IPOGMP Track

Guide

How to apply for an IPO in India

Most retail investors apply for IPOs through net banking or a broker app using UPI ASBA. This guide walks through prerequisites, categories, the bidding flow, and what happens after you submit.

What you need before applying

A valid PAN-linked Demat account with a depository participant (broker or bank). Your bank must support ASBA or UPI-based IPO bidding — most large Indian banks and brokers do.

A UPI ID linked to the bank account you want debited. Funds are blocked (not debited immediately) until allotment. Keep sufficient balance for the full bid amount at the upper price band.

Only one application per PAN per investor category. Duplicate retail bids are rejected. Joint holders should follow their broker's policy — typically one lead applicant per Demat account.

Research before you bid

Read the DRHP/RHP on SEBI or exchange websites. Understand revenue drivers, debt, promoter holding, and stated use of IPO proceeds. Numbers on IPO GMP Track — GMP, subscription, dates — help you time the application but do not replace prospectus research.

Check lot size and minimum investment on our IPO detail page. SME IPOs often require ₹1 lakh or more per lot versus roughly ₹15,000 on many Mainboard issues. Ensure the blocked amount fits your budget across all IPOs you plan to apply for.

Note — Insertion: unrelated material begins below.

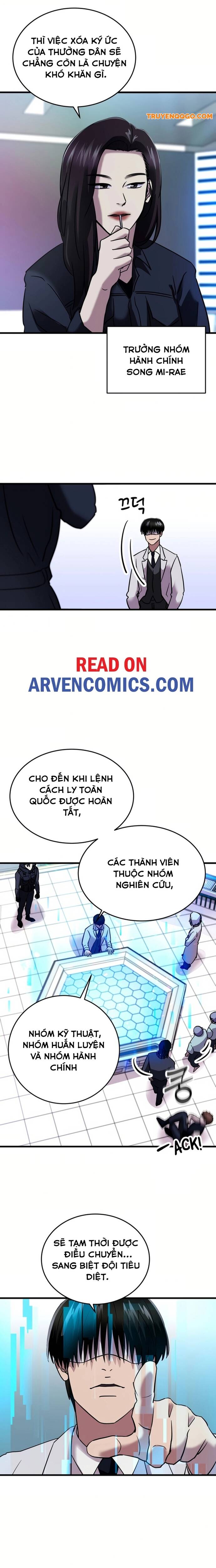 Kẻ Vô Danh - Chapter 3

Note the bidding close date and apply early in the window. Last-day technical issues and missed UPI mandates are the most common reasons valid investors fail to get into the bid book.

Retail vs HNI category

Retail individual investors apply for up to ₹2 lakh per IPO in the retail quota. This bucket has a reserved portion of shares and uses lottery allotment when oversubscribed.

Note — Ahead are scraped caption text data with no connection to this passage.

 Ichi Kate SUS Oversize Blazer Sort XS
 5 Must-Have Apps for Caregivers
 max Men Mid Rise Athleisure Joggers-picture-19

Applications above ₹2 lakh fall in the Non-Institutional Investor (NII) category, commonly called HNI in IPO discourse. NIIs are allotted on a proportionate basis within their quota — different maths than retail lottery.

Select the correct category before confirming. You cannot apply ₹1.5 lakh as retail and later add more in the same IPO under the same PAN. If you need a higher ticket, plan the full amount as HNI from the start.

Step-by-step: UPI ASBA application

Step 1 — Log into your bank's net banking or broker app and open the IPO / ASBA section. Active issues show open and close dates.

Step 2 — Select the IPO, enter the number of lots, and bid at cut-off price (recommended for retail). Cut-off means you accept the final discovered issue price within the band.

Step 3 — Confirm Demat linkage and submit. Your bank sends a UPI collect or mandate request — approve it on your UPI app before the IPO closes. Without approval, the application is incomplete.

Step 4 — Save the application number from the confirmation screen or SMS. You will need it to check allotment on the registrar website.

How fund blocking works

ASBA blocks the bid amount in your bank account — typically lot size × shares per lot × upper price band. The money stays blocked until allotment is processed.

If you are not allotted shares, the bank releases the block within a few working days. If allotted, the block converts to a debit and shares credit to your Demat before listing.

Blocked funds still count toward your account balance for some banks but cannot be withdrawn until released. Plan other payments accordingly during the IPO window.

After you apply

While the IPO is open, monitor subscription rate and GMP on IPO GMP Track. Rising subscription tightens retail lottery odds even when GMP is attractive.

After the close date, wait for allotment on the registrar site (linked from our IPO page). See our allotment guide for PAN/application lookup steps.

On listing day, shares trade at market price. Listing gain can differ from last-day GMP. Decide in advance whether you intend to sell on debut or hold — both are valid strategies with different risk.

Mistakes to avoid

Missing UPI mandate approval — the single biggest avoidable error.

Applying above ₹2 lakh while intending to stay retail — misclassification can invalidate your bid.

Chasing every high-GMP IPO without reading the prospectus — high GMP often means low allotment probability.

Ignoring SME lot sizes — verify blocked amount before approving UPI.